Isn’t there something that I need, something that I’m supposed to know that they don’t know, in order to function as a leader? Isn’t there a thought or a comfort that I’m supposed to have that they need? What am I actually even giving anybody? It’s not a ton of words to distance themselves from their feelings or experience? So what is it?
So what does minister, or pastor, or preacher even mean? I don’t know yet. Writing sermons is a part of my homework assignments, maybe. I’ve never written a sermon before. I mean, I don’t think I’ve ever written a sermon: I’ve never taken a passage of the Bible and used it as inspiration for a point I want to make about how we walk through the world and how we can do so with a teeny bit more kindness or courage or patience. I can tell stories and write blog posts, I can be thoughtful and vulnerable and generous, and maybe even humorous. But I don’t know if I can minister. I don’t know if I can preach.
I try to remember that there is no Before and After, there is only during. That, like you, like all of us, I am in a state of both Being and Becoming, and though there might be a day when someone stamps or signs a form and says I’m ready and I go and do The Work, that it’s a kind of extension of the work I’m doing now, and have been doing since before I got to Cambridge, maybe even before the words “divinity school” were a part of my narrative.
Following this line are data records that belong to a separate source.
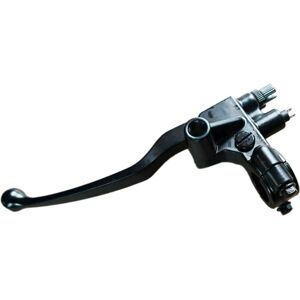 Tlily - Motorcycle Clutch Lever Mounting Perch with Bracket Mirror Holder Set for CBR125 r JC34 JC39 04-16 53172KPP860 Tlily - Motorcycle Clutch Lever Mounting Perch with Bracket Mirror Holder Set for CBR125 r JC34 JC39 04-16 53172KPP860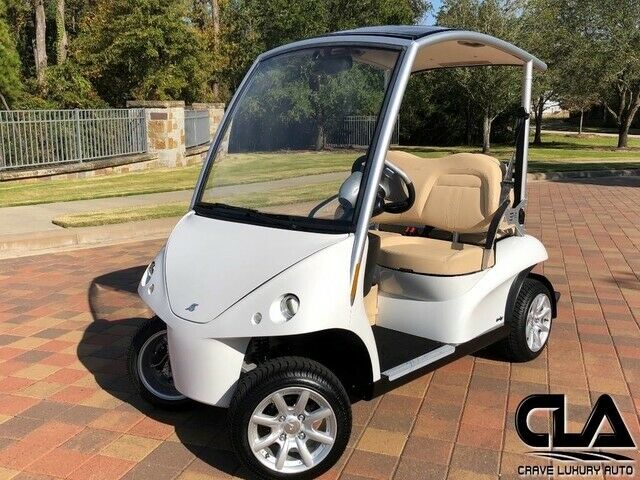 Garia Via 2+2 Other Automatic White For Sale From United States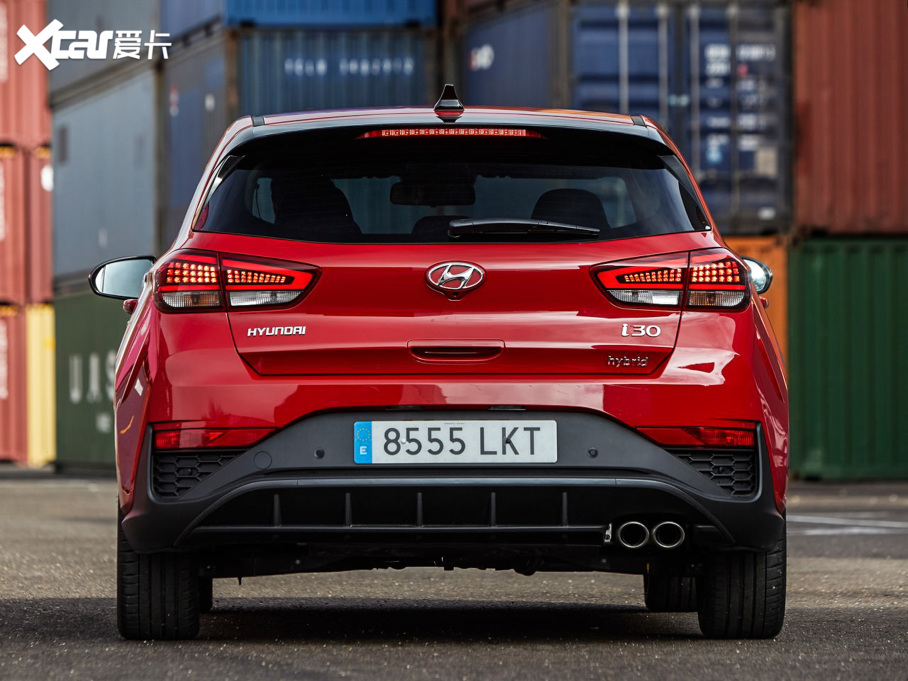 2020��i30(����) N Line �Ɏ�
It’s easy to forget that when you take ideas like presence and compassion and generosity, like embodiment, ritual, love, joy, grief, and wrap them in theory and then read page after page after page, only to write paper after paper after paper. Maybe that’s why I have this space: to practice remembering that there’s only a certain point to which the mystery and the relationship of where spirit and matter intersect can be theorized or made academic. After that, it’s all about showing up.
I looked up the definition of the word “minister” today, and it read, “to attend to the needs (of someone.)” In French, the verb attendre means “to wait.” I read this and think about ministering like waiting. Waiting on. Waiting for. Waiting with. Lingering. Dwelling. Tarrying. Maybe ditch the preposition entirely. Just wait. Just sit with me a minute and let our bellies rise and fall with the movement of our breath and see what happens. Everything. Nothing. Let’s just wait.